Direktur Riset dan Pusat Data InMind Institute Fitriyah Nur Fadilah, S.Sos., M.I.P. merangkum upaya Haji Mohamad Misbach menggaungkan Islam mendukung gagasan Partai Komunis Indonesia (PKI) menurut Takashi Shitaishi dalam bukunya Zaman Pergerakan Radikalisme Rakyat di Jawa 1912-1926

Dalam bukunya, Takashi Shiraishi mengupas mengenai pemikiran Misbach mengenai Islam dan komunisme. Misbach atau H. Muhammad Misbach tadinya merupakan anggota Serikat Islam (SI) dan juga Muhamadiyah namun kemudian di akhir tahun 1922 ia keluar dari Muhamadiyah. Kemudian pada Maret 1923 ia keluar dari SI dan memutuskan untuk menjadi ahli propaganda Partai Komunis Indonesia (PKI) dan Serikat Islam (SI) Merah. Peranan Misbach sangat besar terhadap perkembangan PKI, khususnya wilayah Surakarta akibat dari konsepsinya mengenai Islamisme dan Komunisme yang ia satukan namun pihak Belanda menganggap Misbach berbahaya sehingga Hindia Belanda kemudian mengasingkan Misbach ke Manokwari pada bulan Juli tahun 1924.
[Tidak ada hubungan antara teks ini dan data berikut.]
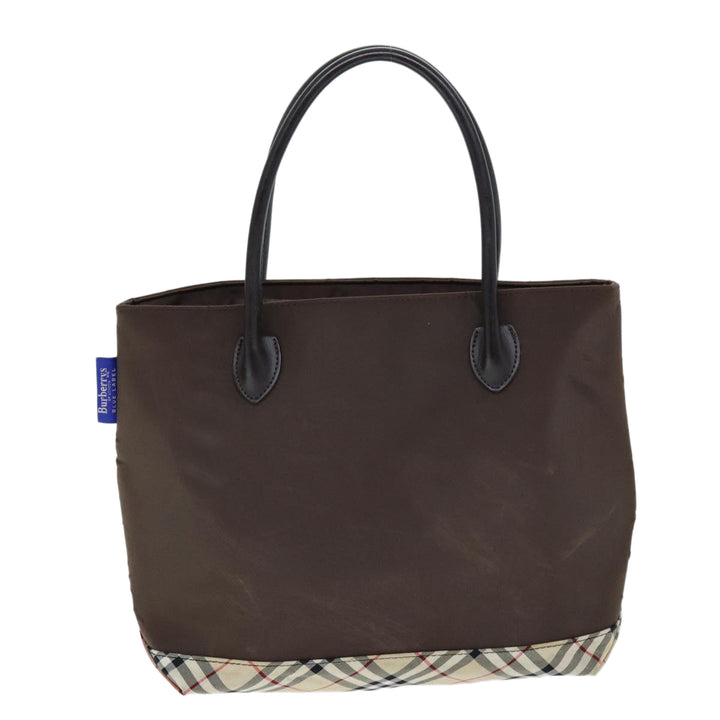 BurberrySs Nova Check Blue Label Hand Bag Nylon Brown Beige Auth yb564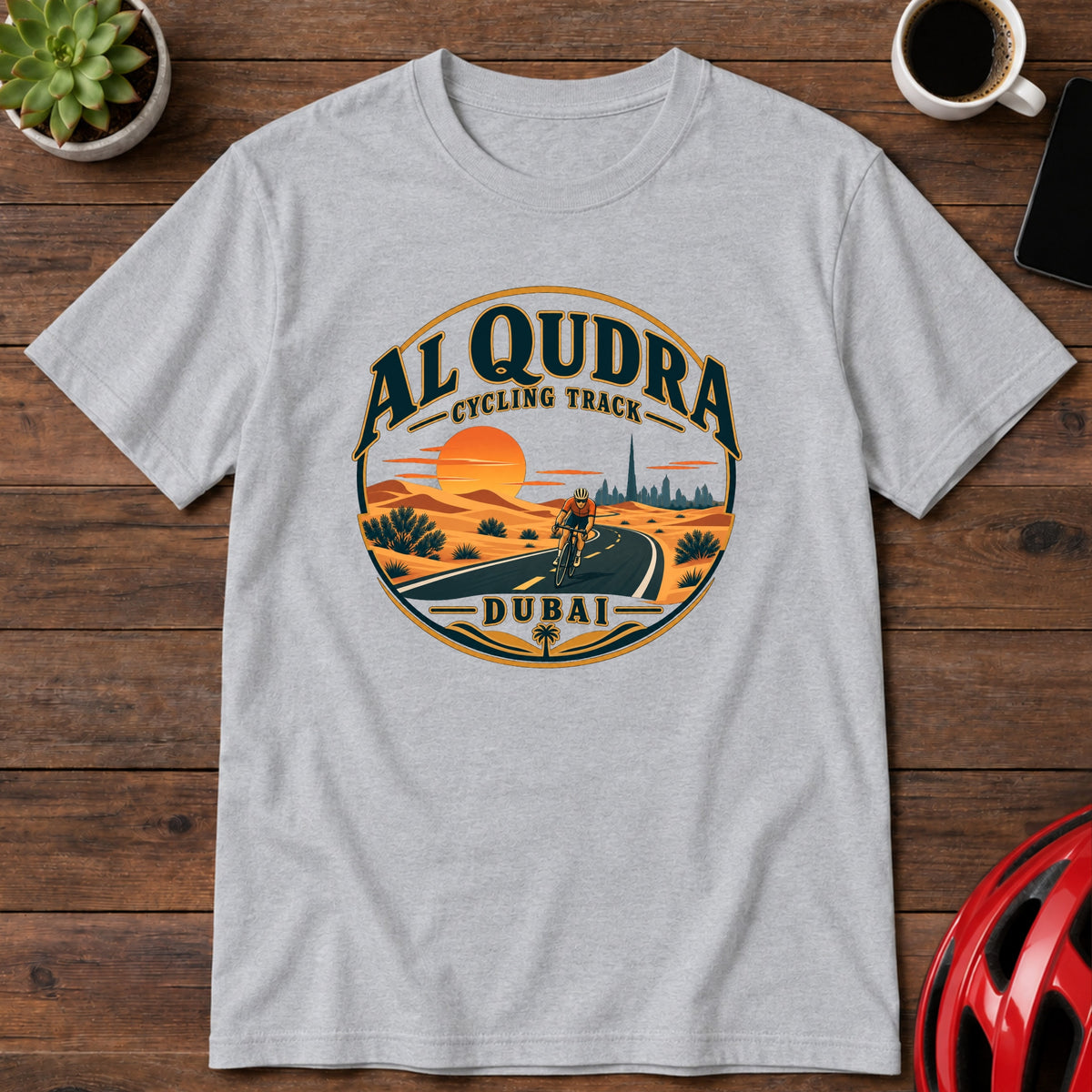 Al Qudra Cycling Track Sunset T-Shirt — Dubai Cycling Tee(Global)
Pada mulanya ketika baru dibebaskan dari penjara di tahun 1922, menurut Takashi Shiaraishi, Misbach masih bersikap netral terhadap persaingan yang dialami antara SI dan PKI. Pada beberapa saat ia masih berkumpul dengan Tjokroaminoto yang merupakan pimpinan SI ataupun dengan Semaun dari PKI namun perpecahan yang semakin meruncing antara SI dan PKI menyebabkan Misbach harus menentukan sikapnya. Jurnal-jurnal yang dipegang oleh Misbach sebelum masuk penjara seperti Medan Moeslimin dan Islam Bergerak pada awalnya mendukung SI dan Muhamadiyah karena di dalamnya diisi oleh orang-orang yang mendukung kedua institusi tersebut. Akan tetapi pada akhirnya setelah kedua jurnal itu dikuasai kembali oleh Misbach, kedua jurnal ini banyak menyerang SI dan Muhamadiyah.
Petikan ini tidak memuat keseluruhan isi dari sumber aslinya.